Project description


Technologies that can robustly and accurately analyse human facial, vocal and verbal behaviour and interactions in the wild, as observed by omnipresent webcams in digital devices, would have profound impact on both basic sciences and the industrial sector. They could open up tremendous potential to measure behaviour indicators that heretofore resisted measurement because they were too subtle or fleeting to be measured by the human eye and ear, would effectively lead to development of the next generation of efficient, seamless and user-centric human-computer interaction (affective multimodal interfaces, interactive multi-party games, and online services), would have profound impact on business (automatic market research analysis would become possible, recruitment would become green as travels would be reduced drastically), would enable next generation healthcare technologies (remote monitoring of conditions like pain, anxiety and depression), to mention but a few examples.

How SEWA works?

The overall aim of the SEWA project is to enable such technology, i.e., to capitalise on existing state-of- the-art methodologies, models and algorithms for machine analysis of facial, vocal and verbal behaviour, and then adjust and combine them to realise naturalistic human-centric human-computer interaction (HCI) and computer-mediated face-to-face interaction (FF-HCI) for data recorded by a device as cheap as a web-cam and in almost arbitrary recording conditions including semi-dark, dark and noisy rooms with dynamic change of room impulse response and distance to sensors.
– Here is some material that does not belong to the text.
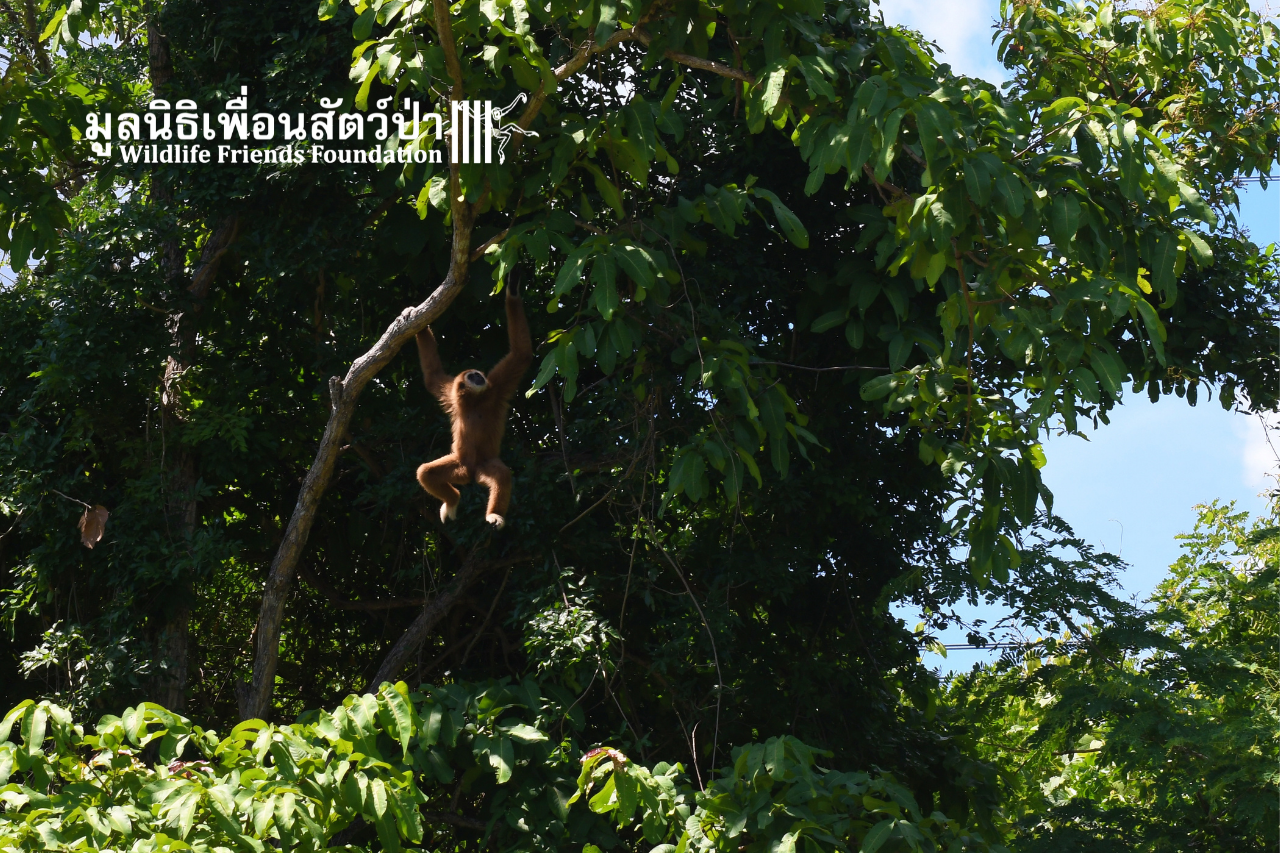 Gibbon Island Release 2021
This extends and contrasts considerably the current state of the art in existing technological solutions to machine analysis of the facial, vocal and verbal behaviour that are used in (commercially and otherwise) available human-centric HCI and FF-HCI applications.
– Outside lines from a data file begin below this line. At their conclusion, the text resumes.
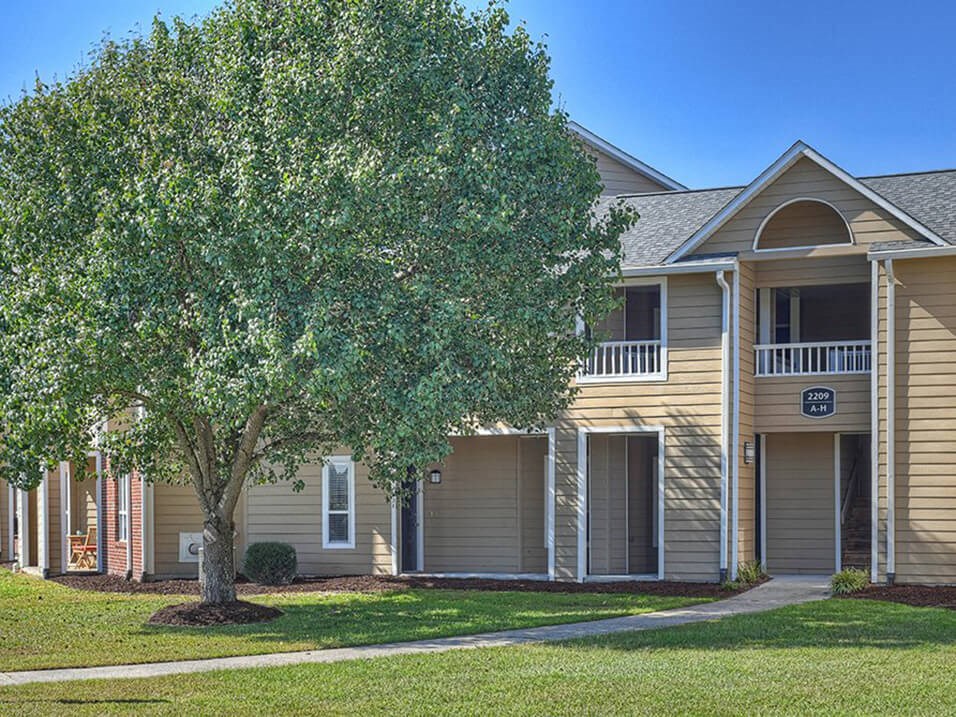 Shade Trees at apartment complex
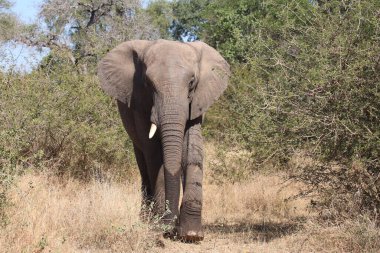 Afrikanischer Elefant / African elephant / Loxodonta africana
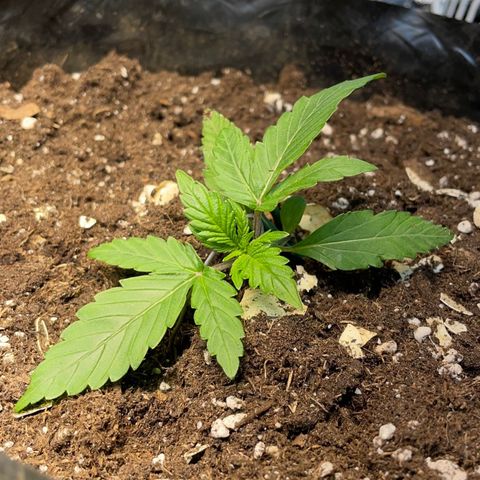 Auto Bubble Gum growlog timeline photo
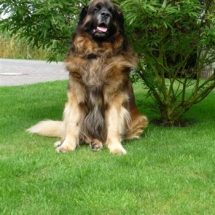 Tom 4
To wit, shortcomings of existing technologies for automatic analysis of human behaviour are numerous.

  • Current studies have been largely conducted in laboratory conditions so far with controlled noise level, reverberation, often limited verbal content, illumination, calibrated cameras, and subjects who are instructed not to eat or talk on the phone while being recorded. Such conditions are very difficult to reproduce in real-world applications and tools trained on such data usually do not generalise well to behavioural recordings made in the wild (in unconstrained settings typical for HCI and FF-HCI scenarios).
  • Interpretation of facial and vocal behaviour depends crucially on the dynamics of the behaviour (timing, velocity, frequency, temporal inter-dependencies between gestures), which is currently not taken into account.
  • Observed behaviours may be influenced by those of an interlocutor and thus require analysis of both interactants, especially to measure such critically important patterns as mimicry, rapport, and sentiment, in general, but this is not currently taken into account. Existing approaches typically perform analysis of a single individual and FF-HCI is not addressed as a problem of simultaneous analysis of both interacting parties.
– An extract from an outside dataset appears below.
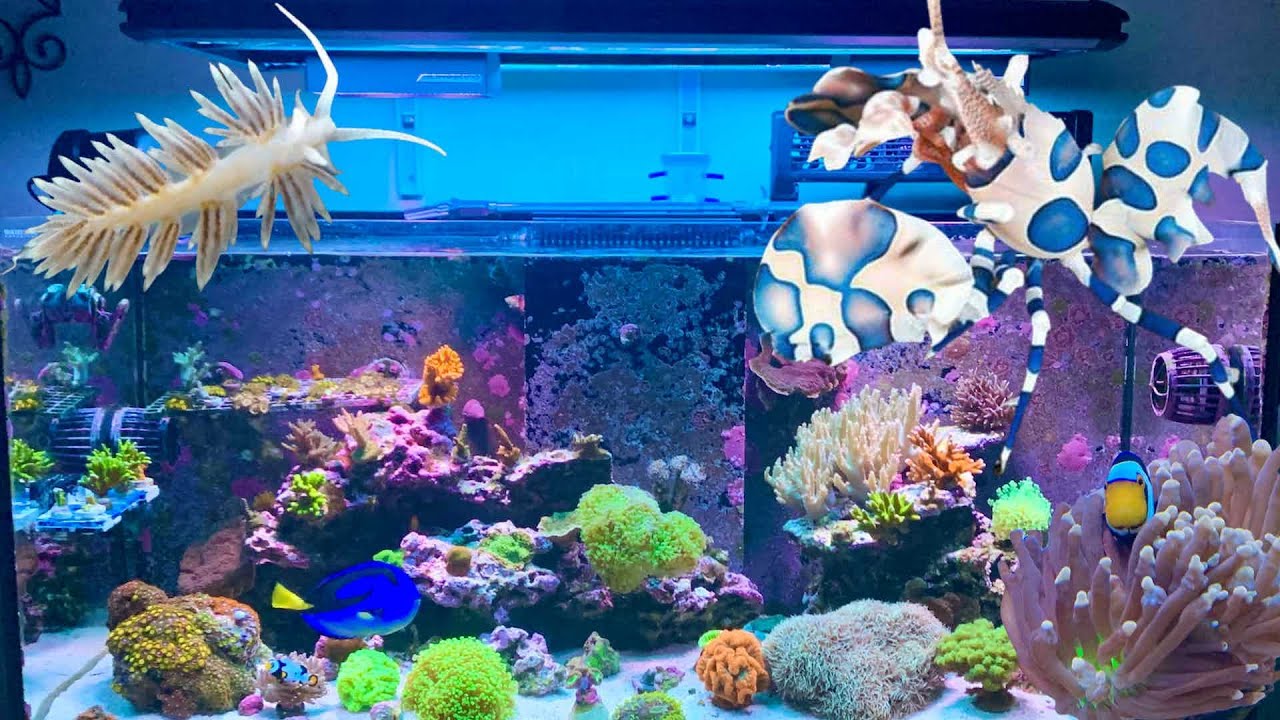 Reef Tank Update 10/17/22- Berghia Breeding Tank, Green Hair Algae Problem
The main aim of the SEWA project is to address these shortcomings of the current HCI and FF-HCI technology and develop novel, robust technology for machine analysis of facial, vocal and verbal behaviour in the wild as shown by a single person or by two (or more) interactants.

Where is SEWA applied?

As a proof of concept, and with the focus on novel HCI and FF-HCI applications, SEWA technology will be applied to:

  • machine inference of sentiment/ liking ratings in response to multimedia content (movie trailers, product adverts, etc.) watched by people in the wild, based on which a multimedia recommender system will be built, offering to the user multimedia content being similar to that she liked previously;
  • automatic estimation of sentiment, rapport and empathy shown by two people involved in unscripted computer-mediated dyadic interaction (using an online video chat service like opentok), based on which Chat Roulette Social Game will be developed that tries to find out people with whom one would like to chat (the underlying phenomena are the formation and dynamics of clusters of people that like to chat with each other, e.g., have the same opinions about debating issues; based on which formation and dynamics of social media/networks and opinion polls can be studied, and serious games providing depth of learning and participation can be built).